Stored data:
════════════════

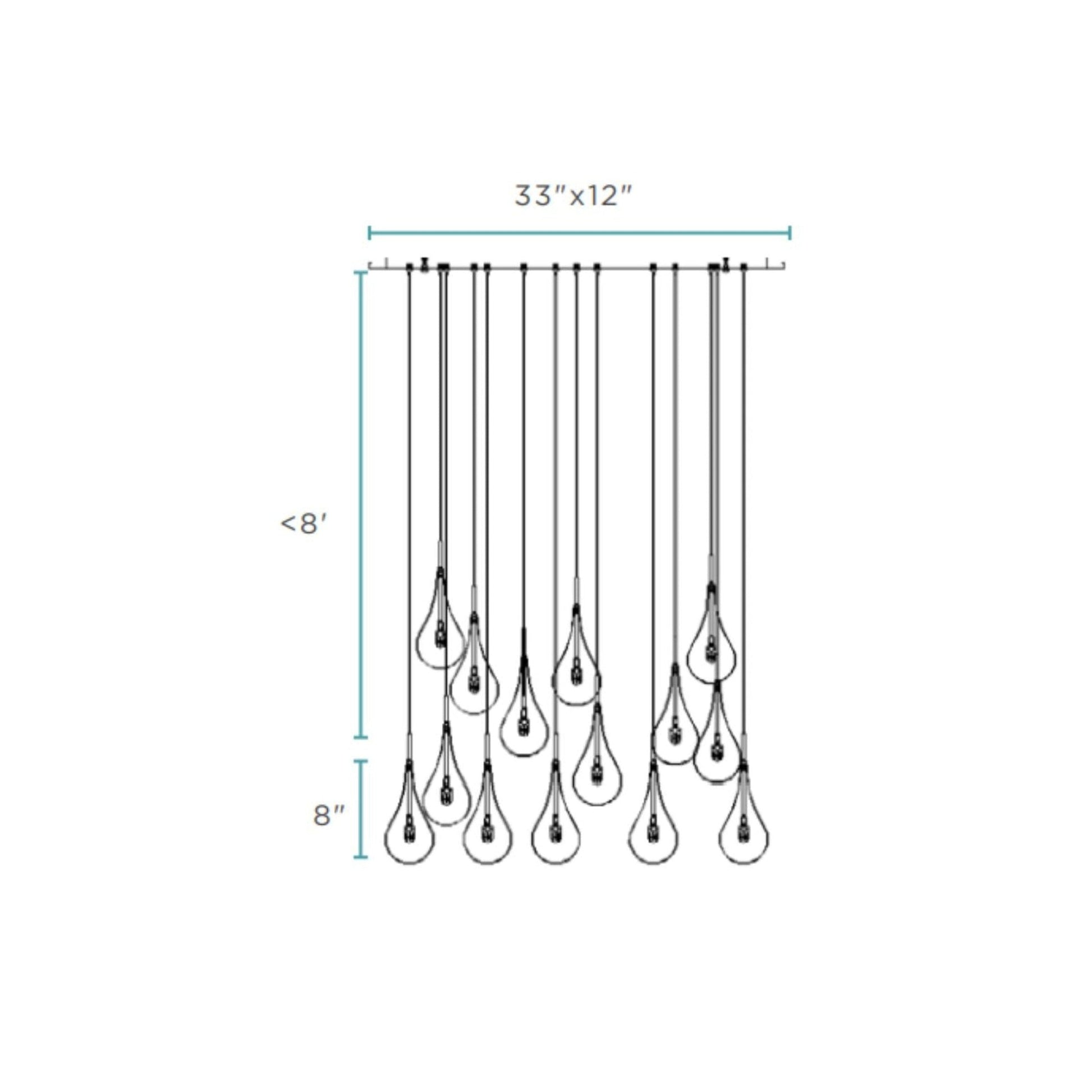 Modern Glass Drops Chandelier - 14 Lights, Rectangular Chrome Canopy, Adjustable Height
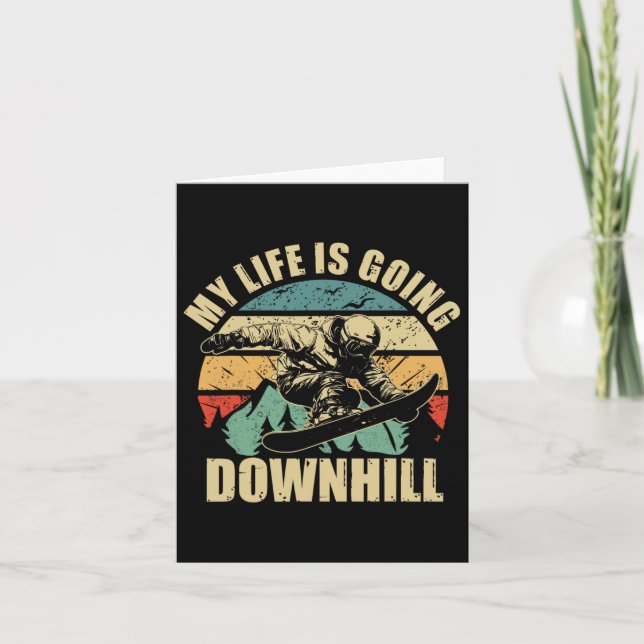 Carte Cool Snowboard Ma vie va vers le bas (Devant)
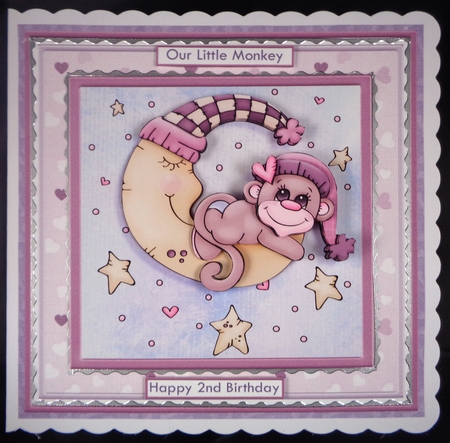 LOVE YOU TO THE MOON & BACK Monkey 7.5 Decoupage & Insert Kit All Occasions by Linda Short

════════════════

Exercise brief:
Give the listing above again exactly, minus any images.

Written solution:
 Modern Glass Drops Chandelier - 14 Lights, Rectangular Chrome Canopy, Adjustable Height
 Carte Cool Snowboard Ma vie va vers le bas (Devant)
 LOVE YOU TO THE MOON & BACK Monkey 7.5 Decoupage & Insert Kit All Occasions by Linda Short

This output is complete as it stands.